Image-text web data
▼▼▼

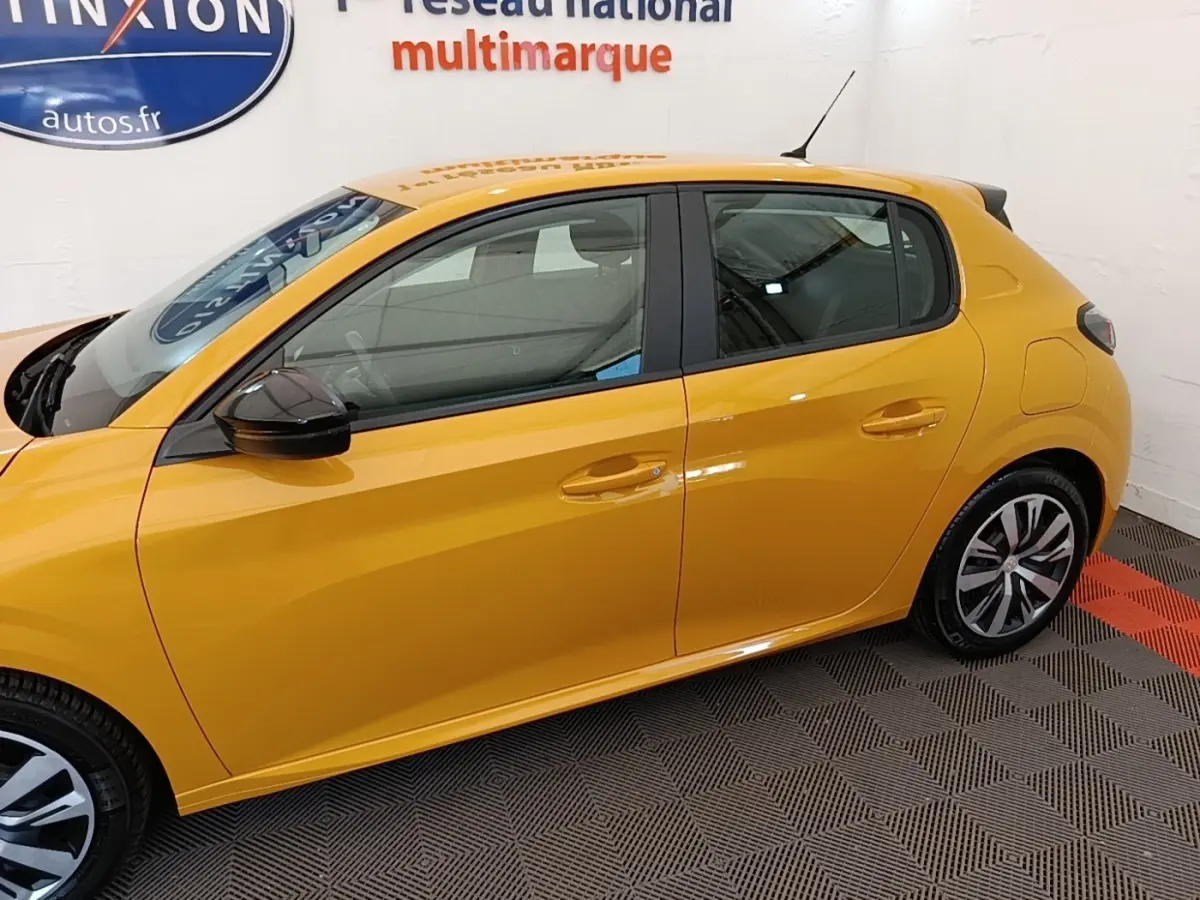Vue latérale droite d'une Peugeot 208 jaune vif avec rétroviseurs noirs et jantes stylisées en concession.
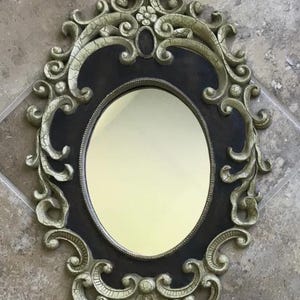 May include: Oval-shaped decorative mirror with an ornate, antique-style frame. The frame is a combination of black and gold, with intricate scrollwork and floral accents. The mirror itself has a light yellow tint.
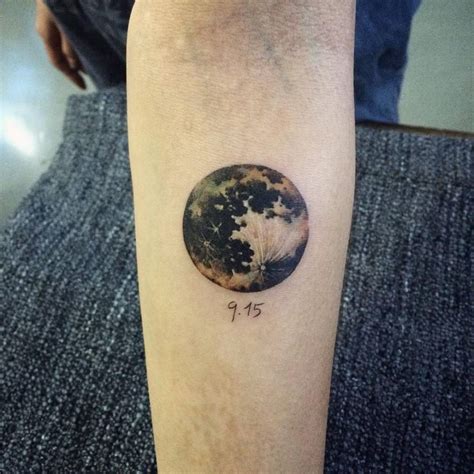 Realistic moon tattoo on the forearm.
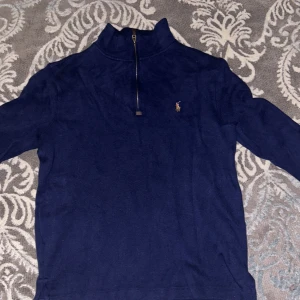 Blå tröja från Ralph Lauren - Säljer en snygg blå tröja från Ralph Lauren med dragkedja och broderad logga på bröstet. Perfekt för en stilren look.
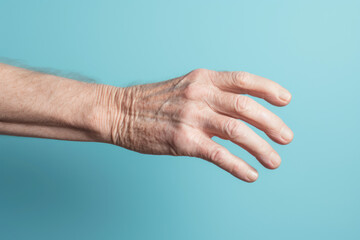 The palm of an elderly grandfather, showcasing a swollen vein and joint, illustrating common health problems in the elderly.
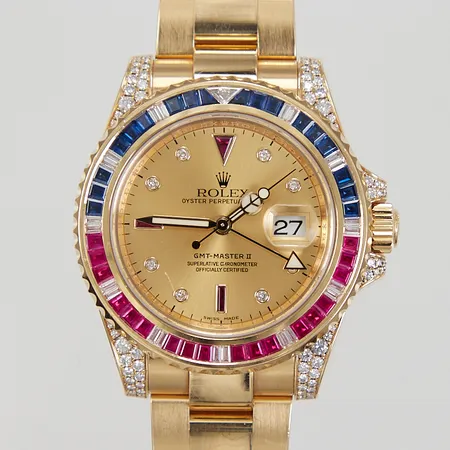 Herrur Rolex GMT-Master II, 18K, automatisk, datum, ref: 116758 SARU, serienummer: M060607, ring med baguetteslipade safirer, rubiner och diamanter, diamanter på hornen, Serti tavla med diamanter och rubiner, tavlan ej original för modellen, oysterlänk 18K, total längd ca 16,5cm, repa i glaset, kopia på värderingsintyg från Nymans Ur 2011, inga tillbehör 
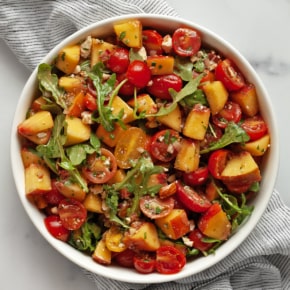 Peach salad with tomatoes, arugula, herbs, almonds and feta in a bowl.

▲▲▲

__TASK OBJECTIVE__:
Print exactly the lines from the first line of the records above through the line containing "The palm of", leaving out the pictures.

__EXERCISE RESPONSE__:
Vue latérale droite d'une Peugeot 208 jaune vif avec rétroviseurs noirs et jantes stylisées en concession.
 May include: Oval-shaped decorative mirror with an ornate, antique-style frame. The frame is a combination of black and gold, with intricate scrollwork and floral accents. The mirror itself has a light yellow tint.
 Realistic moon tattoo on the forearm.
 Blå tröja från Ralph Lauren - Säljer en snygg blå tröja från Ralph Lauren med dragkedja och broderad logga på bröstet. Perfekt för en stilren look.
 The palm of an elderly grandfather, showcasing a swollen vein and joint, illustrating common health problems in the elderly.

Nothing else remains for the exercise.